La Commission a présenté le 5 juillet 2023 son quatrième rapport annuel sur l’état de droit, établi après une large consultation de différents acteurs nationaux, publics et privés, et de la société civile. Ce rapport contient une évaluation des recommandations passées adressées à chaque Etat membre et une série de nouvelles recommandations. Elles ont pour objectif d'aider et de soutenir les États membres dans leurs efforts pour faire avancer les réformes en cours ou prévues, et pour les aider à identifier des améliorations ou d’éventuels changements nécessaires.
Même si 65% des recommandations de l’année dernière ont été mises en œuvre, totalement ou partiellement, des inquiétudes subsistent concernant l’indépendance du pouvoir judiciaire et la situation des médias de service public dans certains Etats membres.
En 2023, la Commission a recommandé à la France de :
• poursuivre ses efforts afin d’achever les projets en cours de numérisation complète des procédures civiles et pénales ;
• poursuivre les efforts déployés pour garantir au système de justice des ressources humaines suffisantes, notamment à travers le développement d’outils de mesure de la charge de travail ;
• veiller à ce que les règles relatives aux activités de lobbying soient appliquées de manière cohérente à tous les acteurs concernés, y compris au plus haut niveau de l’exécutif ;
• intensifier ses efforts pour renforcer la transparence en matière de propriété des médias, en particulier en ce qui concerne les structures d’actionnariat complexes.
En parallèle, l’Union européenne dispose d’un tableau de bord de la justice dans l’UE qui fournit annuellement des données comparables au sein des Etats membres sur l’indépendance, la qualité et l’efficacité des systèmes de justice nationaux.
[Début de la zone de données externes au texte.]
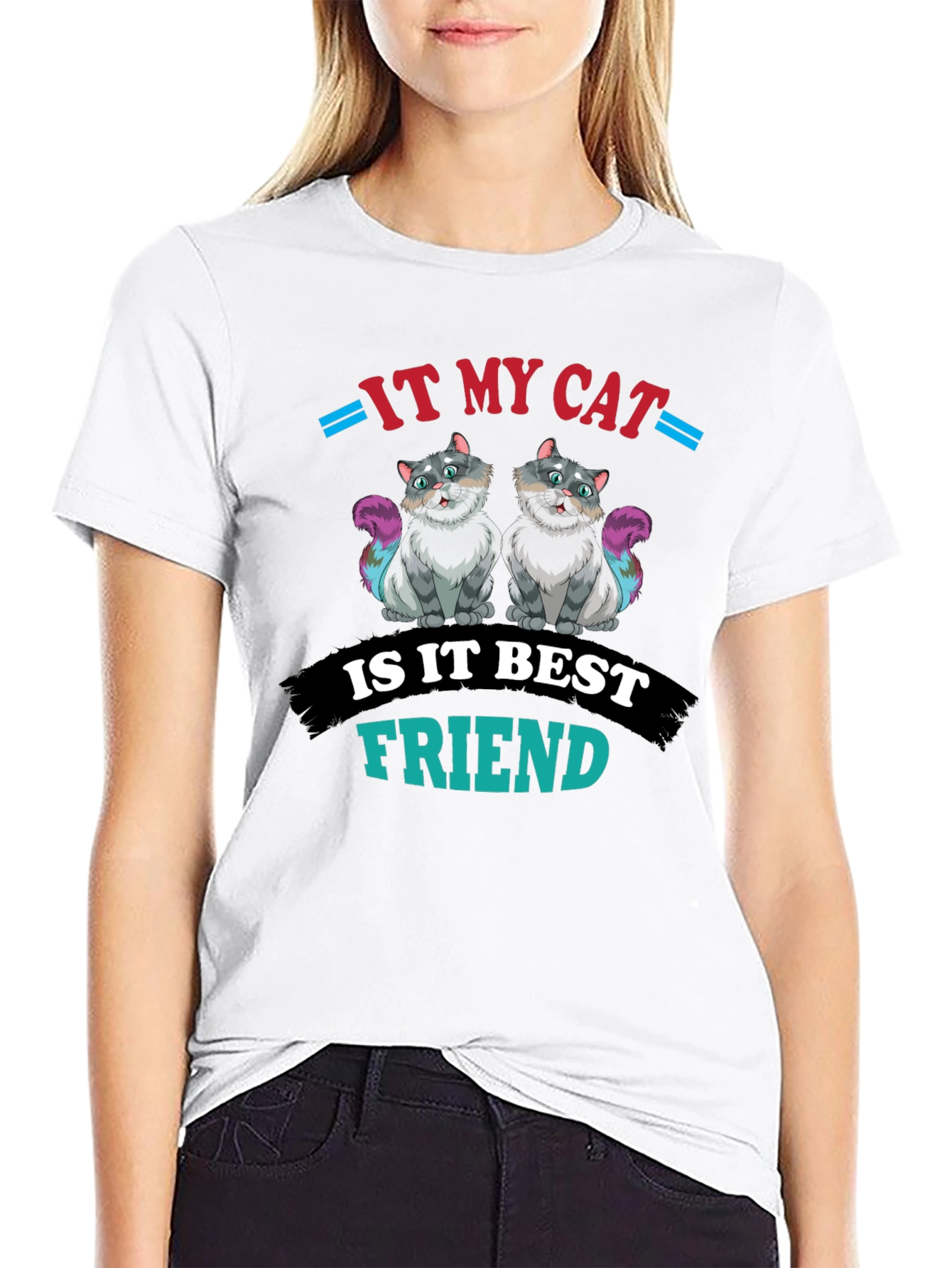 My Cat is My Best Friend T-Shirt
Les questions liées à l’état de droit font également partie du Semestre européen. Celui-ci permet de promouvoir l’état de droit en débouchant sur des recommandations par pays qui englobent des thématiques telles que la lutte contre la corruption et les systèmes de justice. L’UE apporte également un soutien technique et financier aux États membres pour la mise en œuvre de réformes structurelles qui ont un impact sur l’état de droit.
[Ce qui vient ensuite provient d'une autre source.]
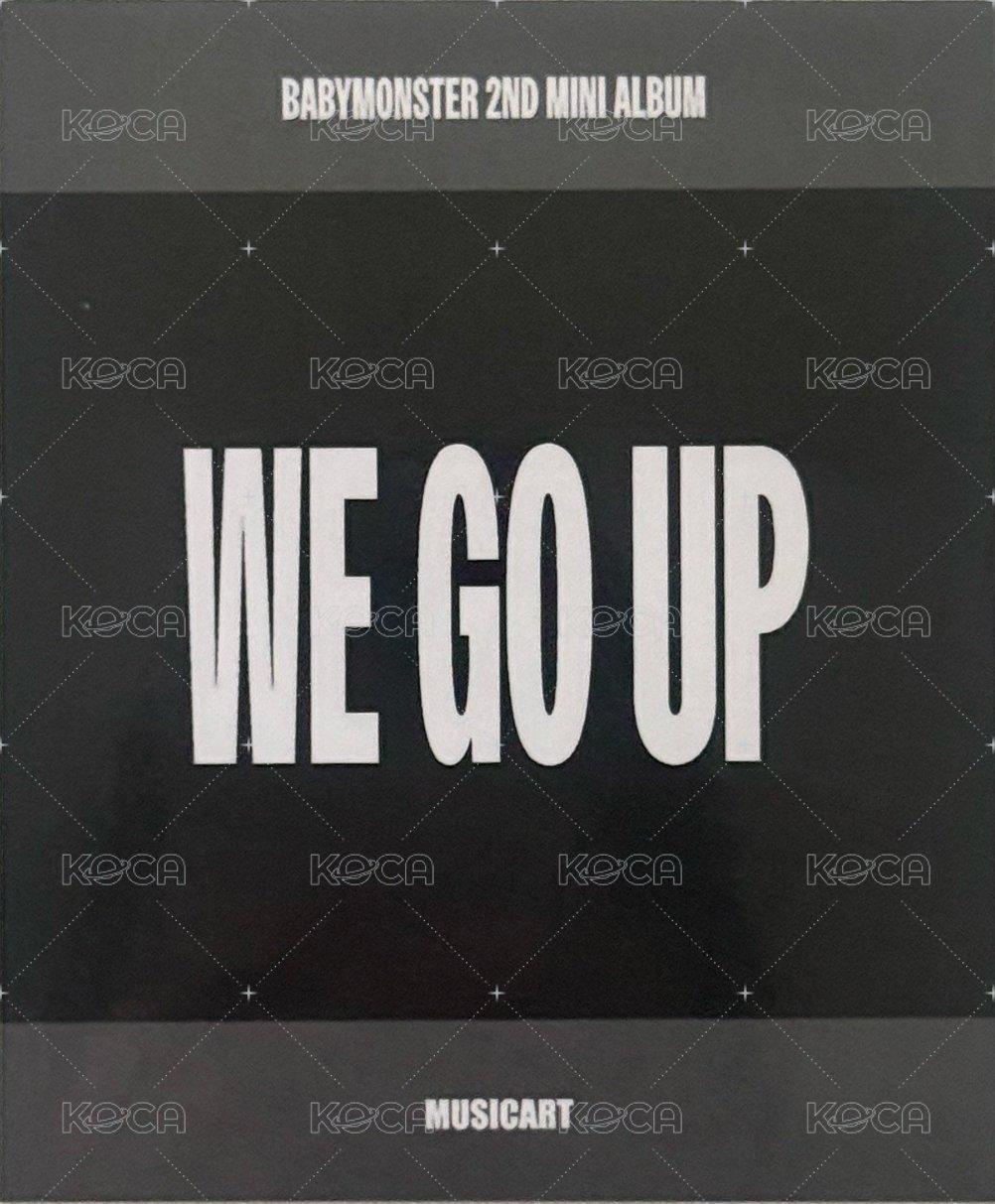 WE GO UP ma 線上 簽售卡  背面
Des instruments de réaction pour contrôler le respect de l’état de droit
Afin de garantir le respect de l’état de droit, l’UE dispose d’instruments agissant a posteriori en cas d’atteintes, pour une réaction proportionnée et efficace.
Le cadre pour l’état de droit, adopté par la Commission européenne en 2014, constitue un outil d’alerte rapide lui permettant d’engager un dialogue avec un État membre en cas de menaces systémiques pesant sur l’état de droit. Le processus comprend trois étapes : l’appréciation de la Commission sur la situation, une recommandation de la Commission, puis un suivi de cette recommandation par l’État membre concerné.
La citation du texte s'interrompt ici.